In one instance, a Colorado CBD manufacturer may have to wait months for the release of about 7,000 pounds of Oregon-grown hemp. Even though the plants have been tested four times and have been shown to fall within the federal THC limits, the raw hemp was confiscated by Idaho authorities, who say that the plants may not cross their state borders.
Individual states are still developing their own hemp guidelines. Currently in California, it’s illegal to include hemp-derived oils in food products. And even the cannabis-friendly Golden State has no agency overseeing the regulation of hemp-derived CBD.
Until the numbers look better for hemp farmers, it’s unlikely that many marijuana cultivators will switch from growing their THC-rich cannabis strains to hemp. For now, the per-acre return on cannabis remains higher than hemp.
The Farm Bill has also created a fascinating challenge for cultivators in the states where cannabis is legal: how to tackle proximity issues between hemp and cannabis plants.
The cross-pollination between two types of cannabis can result in both sharing genetic information. For example, consider what happens when a male hemp plant grown for its fiber, and a female cannabis plant bred for high-THC levels cross-pollinate. This could result in a significant drop in the THC levels of marijuana plants that come in contact with industrial hemp.
This issue has already concerned farmers in areas like Mendocino County, part of California’s famed Emerald Triangle, where county supervisors recently declared a freeze on hemp cultivation, in part because of the complex cross-pollination issues.
Because cannabis pollen can travel between three and 30 miles, this issue has the potential to permanently alter the cannabis industry.
In Oregon, some outdoor cannabis farmers are avoiding cross-pollination by moving to indoor operations.
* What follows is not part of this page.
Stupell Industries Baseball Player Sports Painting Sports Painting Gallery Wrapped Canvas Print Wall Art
Others are trying their hand at hemp farming, in part because of their transferable skill sets, and also because of the increased ability to secure loans and insurance.
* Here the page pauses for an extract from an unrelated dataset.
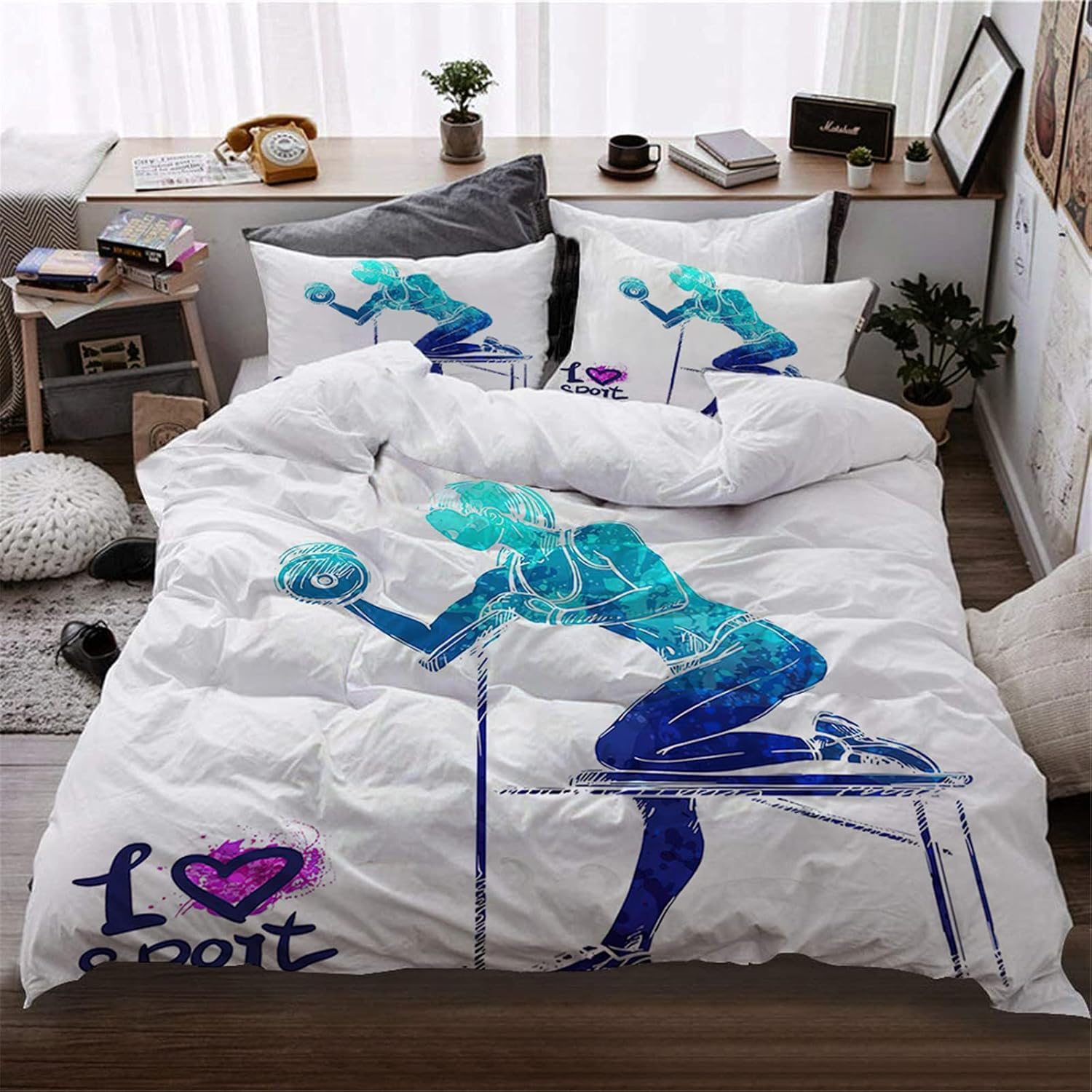 Housse de couette 240 x 260 fitness en microfibre imprimée avec 2 taies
Canada-based Tilray, one of the world’s largest producers of medical marijuana products, recently acquired Manitoba Harvest, the world’s largest manufacturer of hemp food products.
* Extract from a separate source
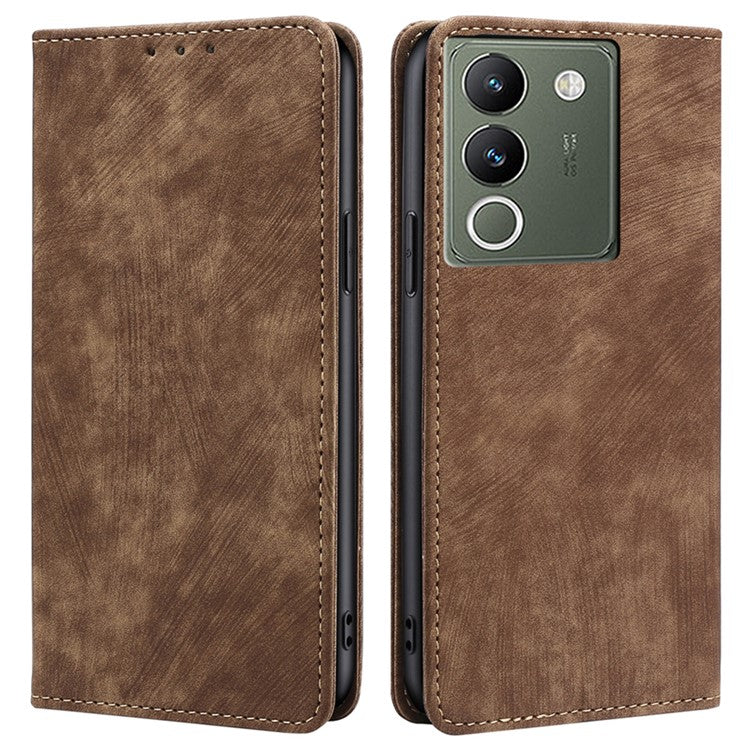 For vivo V29e (Global) 5G Leather Case RFID Blocking Phone Stand Cover - Brown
Canopy Growth, Canada’s largest cannabis stock by revenue, just announced that it acquired hemp company AgriNext USA. Canopy states that it intends to build the first hemp industrial park in the United States. AgriNext’s plan is to build more hemp parks, enabling farmers to engage in one-stop destination services that will help both farmers and entrepreneurs.
With Martha Stewart joining Canopy Growth to create hemp-CBD products, it seems that investors aren’t concerned about maintaining separation between hemp and cannabis.
Farmers and companies manufacturing hemp-derived CBD products must ensure that their products test at or below the 0.3% THC as required by the Farm Bill. Currently, no federal guidelines regarding testing exist. The potential for problems in this area increases with the Farm Bill’s allowance for interstate transport of hemp.
Though the Farm Bill’s passage should have clarified that hemp only contains negligible amounts of THC and provided farmers with opportunities to grow a crop that’s currently more lucrative than farming corn, many sticking points remain.
The FDA estimates it could take years to complete the rulemaking process for regulating CBD. And despite the Farm Bill’s passage, outgoing FDA chief Scott Gottlieb still questions whether the Drug Enforcement Administration has formally descheduled hemp-derived CBD.
Farmers are imploring the U.S. Department of Agriculture to complete its rulemaking, so that spring planting can take place in 2020. In the meantime, they’re asking for:
These types of rulings have the potential to create a framework that may help pave the way for federal legalization of cannabis, and research on hemp cultivation has the potential to help all farmers identify the best ways to grow cannabis commercially.
It appears that the tiniest fraction of THC and arguments about CBD have created significant problems for the rollout of commercial hemp farming. Looking at these challenges, it becomes easier to understand why federally legal cannabis may remain a pipe dream for a few more years.